Algernon Sidney, An Unsung Founder
Every year, as we approach the anniversary of his beheading, I pay tribute to Algernon Sidney. Since so few people have heard of Col. Sidney, much less know of his influence on the founding fathers, I believe it is important to provide some information about him.
Algernon Sidney was an associate of John Locke and one of the luminaries of the Whig Movement (not to be confused with the Whig Party in the U.S.). While Locke fled to Holland upon being implicated in the Rye House Plot to assassinate, King Charles II, Col. Sidney stayed and was arrested. At trial, the primary evidence against Col. Sidney was the manuscript for Discourses Concerning Government. There was no direct evidence he was involved in the plot, save one witness who was given a pardon for unrelated crimes, in return for testifying against Col. Sidney. Nevertheless, Col. Sidney was convicted and sentenced to death in a trial that violated the established law and rules of evidence.

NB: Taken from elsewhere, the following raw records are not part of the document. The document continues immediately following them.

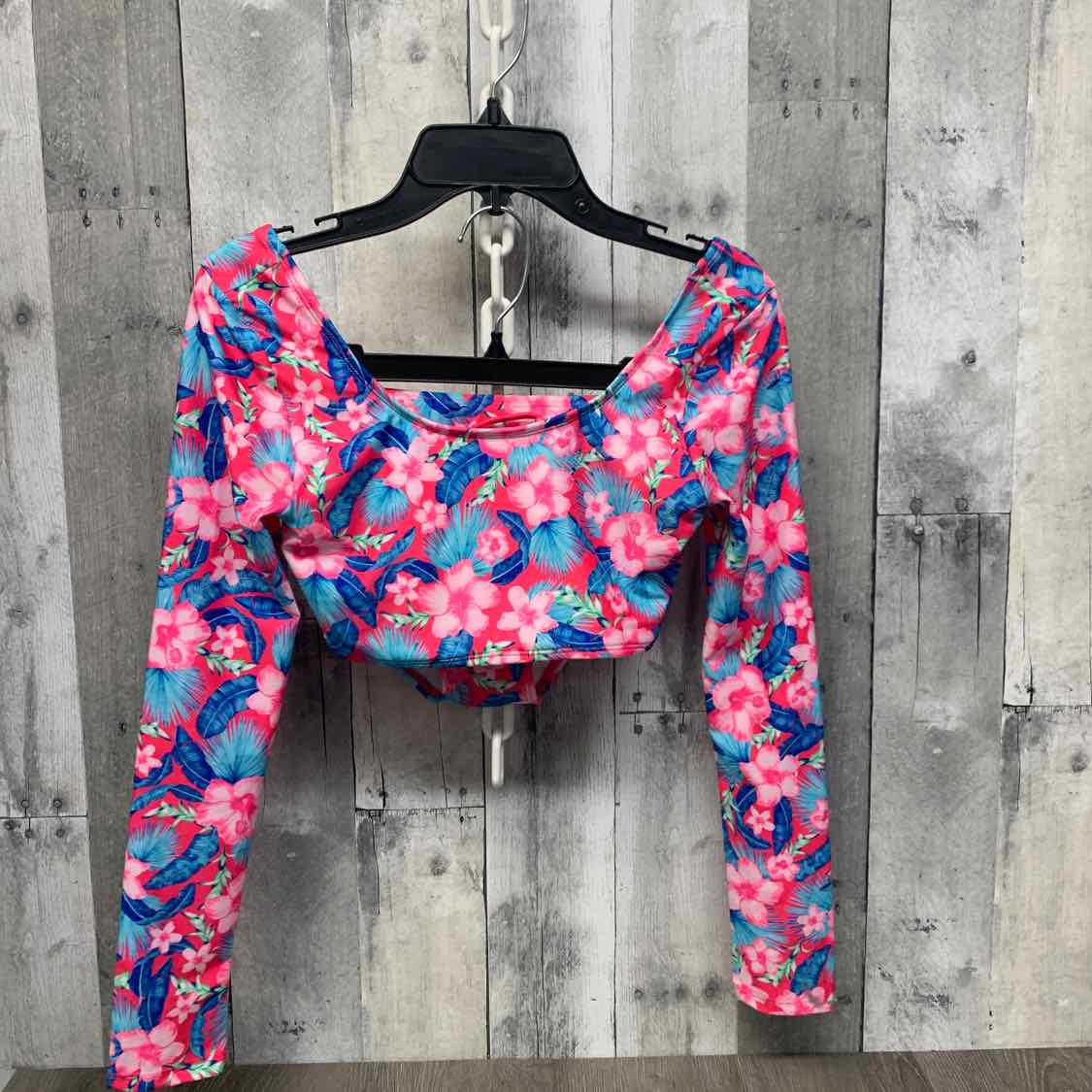 Size 10/12 Pink/Blue Art Class Swim Suit - 2pc+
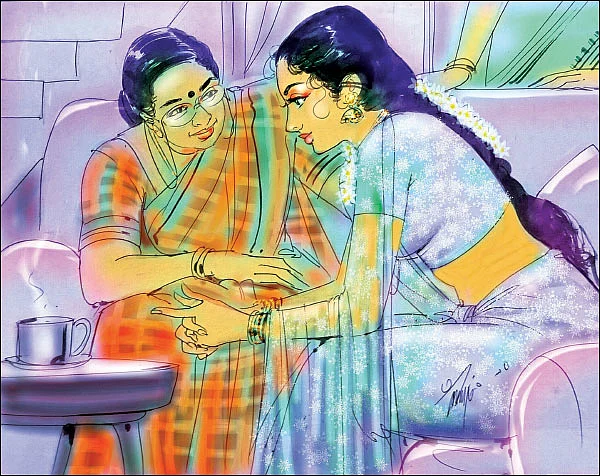 மனுஷி - டென்ஷனை ஸ்விட்ச் ஆஃப் பண்ணிடு!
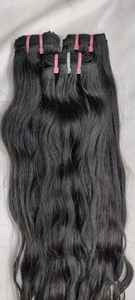 วิกผมสำหรับต่อผมมนุษย์บริสุทธิ์จากอินเดียผมหยิกเป็นลอนธรรมชาติสีดำเข้ม - Product Image 3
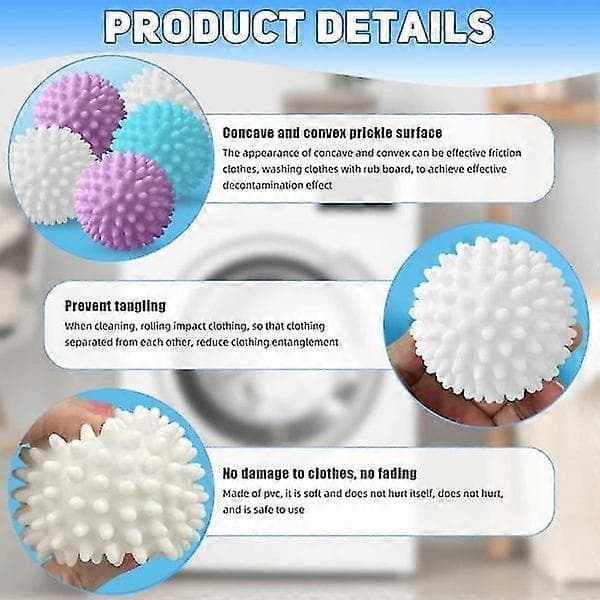 Laundry Balls 9-pack Dryer Balls for Washing Machine Laundry Balls
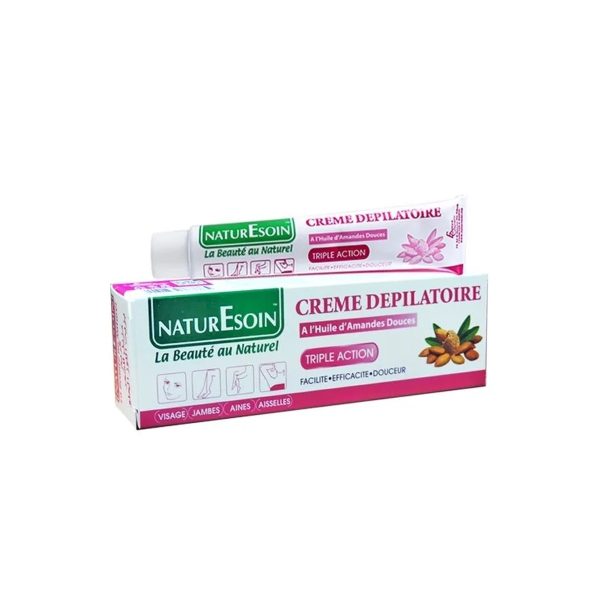 NaturEsoin Crème Dépilatoire à L’huile D’amandes Douces – 50 ml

After more than 5 months in the dungeon, Sidney was beheaded.
The Whig Movement’s foundational belief was that rights (or liberty) flow from God to man, and that among these rights, is the right to determine what powers the government has. (It this sounds familiar, it is probably because you have read the Declaration of Independence. It is also the basis for the U.S. Constitution.) This went against the traditional belief that power flowed from God to a king or queen, and that the king or queen then determined what rights the people had.
Col. Sidney was a favorite among the founding fathers and was very influential during the revolutionary and constitutional periods. Later, he regained favor among American abolitionists. Although Col. Sidney has now fallen out of favor, colonists referred to Sidney as “the first martyr to liberty” or “the true martyr to liberty.” Later, he was called “the forgotten founding father.” Thomas Jefferson wrote that John Locke and Algernon Sidney were the writers who most influenced the founding fathers. He gave specific credit for the ideas of the Declaration of Independence to Col. Sidney.

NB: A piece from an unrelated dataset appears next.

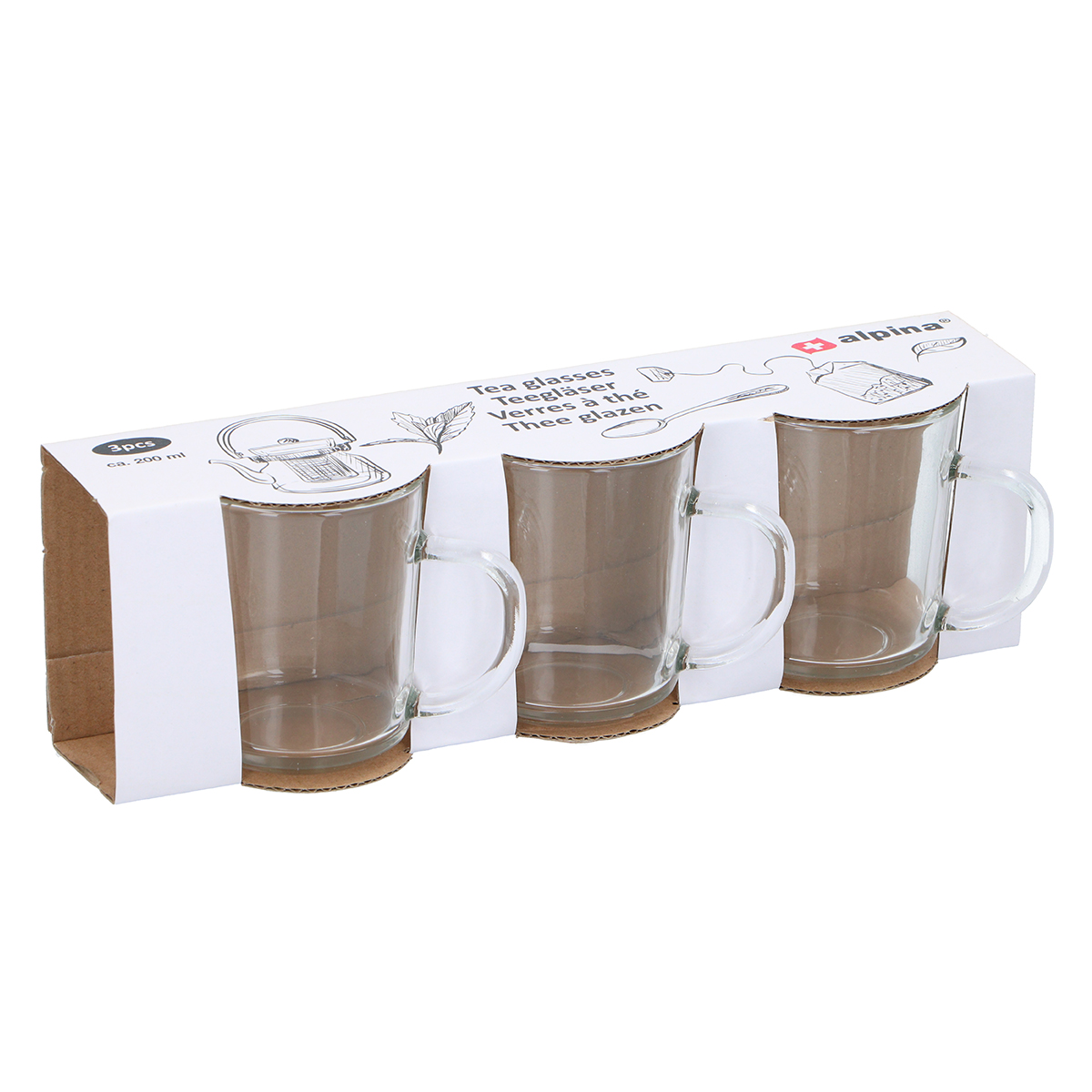 Κούπες 200ml (Σετ 3τμχ) Alpina 871125224175
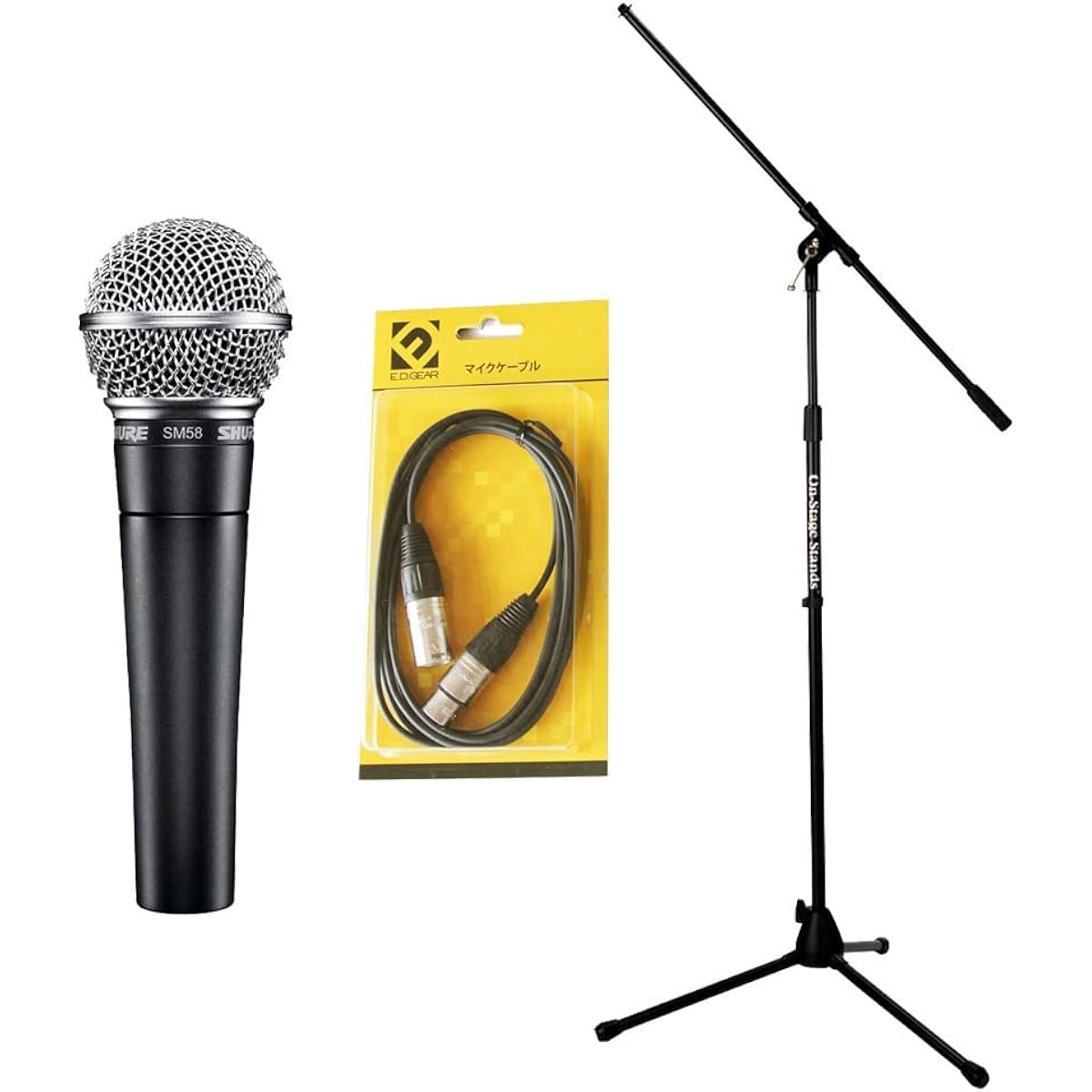 SHURE SM58LCE Mini Concert Dynamic Microphone Set (Microphone + Cable + Stand) 3-piece Set Shure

Algernon, The Author and Patriot
Of Sidney’s book, Discourses Concerning Government, Jefferson wrote, it is “a rich treasure of republican principles, …. it is probably the best elementary book of the principles of government, as founded in natural right, which has ever been published in any language: and it is much to be desired in such a government as ours that it should be put into the hands of our youth as soon as their minds are sufficiently matured for that branch of study.”1
In his Commonplace Book, Jefferson wrote the following quote from Sidney, “If vice and corruption prevail, liberty cannot subsist; but if virtue have the advantage, arbitrary power cannot be established.” (Think about the implications of that on our society as it now exists.) Col. Sidney is a favorite of mine both due his defense of personal liberty, including the right of citizens to be armed, and the manner in which he died. Due to his time in the dungeon, he was too weak to read either his Address from the Scaffold or his Apology to his friends, so he wrote them out and handed them to the sheriff and a friend, respectively. Col. Sidney was clear in his Christianity, stating that he knew his Savior lives and that he was confident of his eternal destination. He offered prayer for his country that it would be a Christian nation. He opined that while some had fallen away from the faith for various reasons, he thought some had “kept their garments unspotted.” Finally, Col. Sidney laid his head on the chopping block and told the executioner, “Do your office.”

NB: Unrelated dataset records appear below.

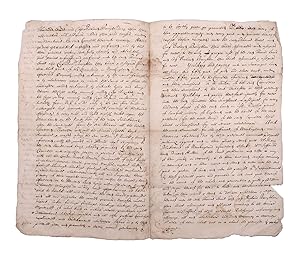 Manuscript document, early true copy of the grant by the Council of New England to Thomas Lewis a...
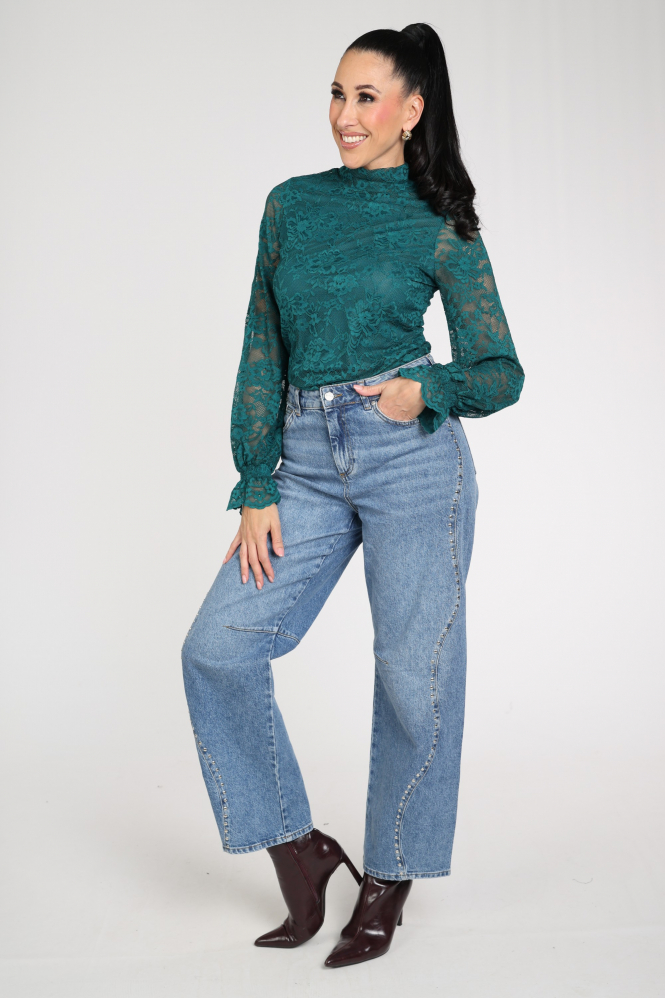 Pom Amsterdam SP9832 Ruby Shirt turtle neck Groen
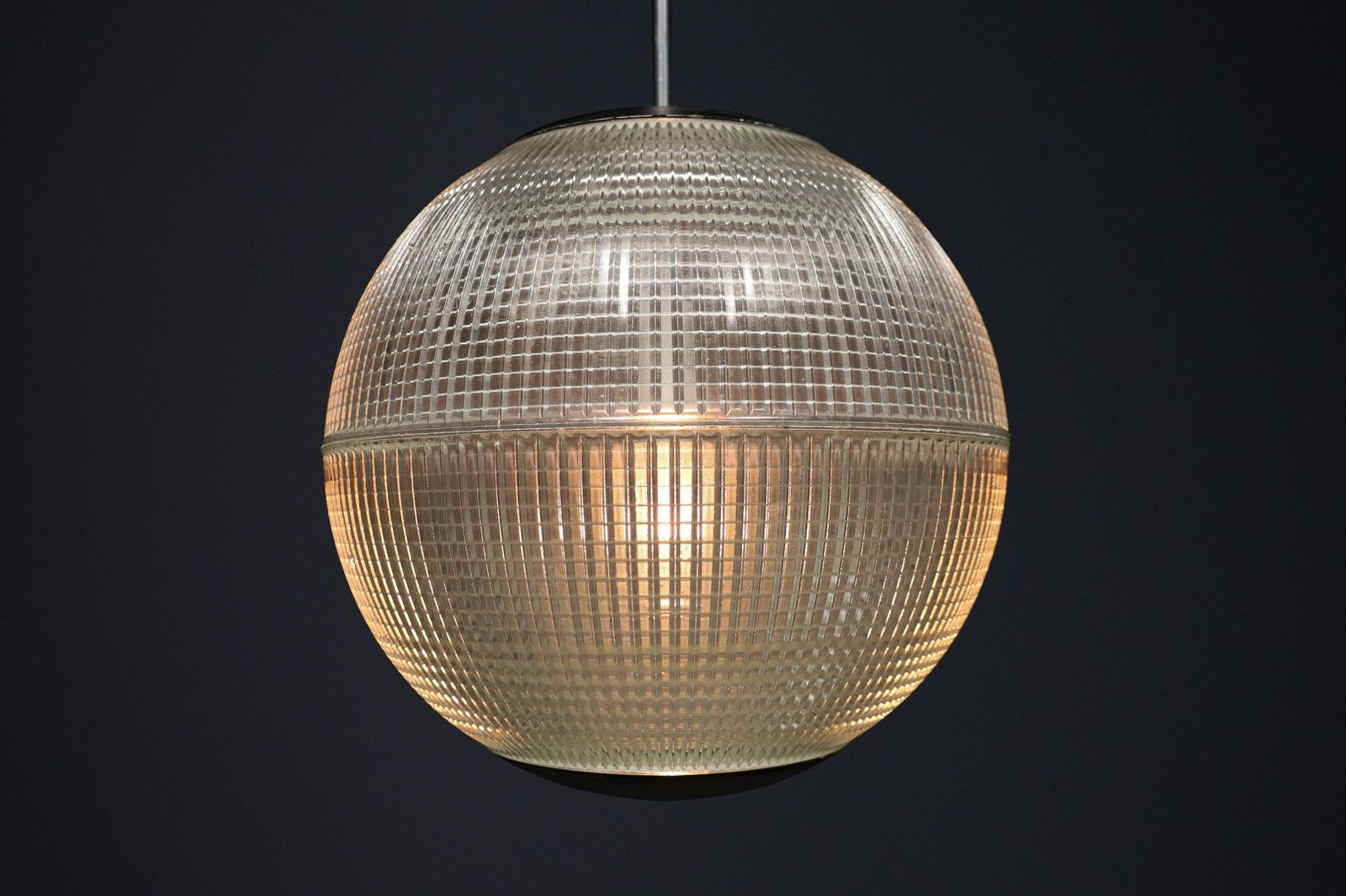 Xl Holophane Pendant Light – Original Paris Streetlamp, France, 1960 Set/24x photo for sale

Letter From Thomas Jefferson to Mason Locke Weems, 13 December 1804
“I thank you for the pamphlet you were so kind as to send me which I have read with great satisfaction. you ask my opinion on the subject of publishing the works of Algernon Sidney. the world has so long and so generally sounded the praises of his Discourses on government, that it seems superfluous, and even presumptuous, for an individual to add his feeble breath to the gale. they are in truth a rich treasure of republican principles, supported by copious & cogent arguments, and adorned with the finest flowers of science. it is probably the best elementary book of the principles of government, as founded in natural right, which has ever been published in any language: and it is much to be desired in such a government as ours that it should be put into the hands of our youth as soon as their minds are sufficiently matured for that branch of study. in publishing it, I think his life, trial & letters should be thrown into one volume & the Discourses into another. the latter is the most important, & many purses can reach one volume which could not conveniently extend to the other. should you proceed to the publication, be so good as to consider me as a subscriber: and accept my salutations & assurances of great esteem & respect.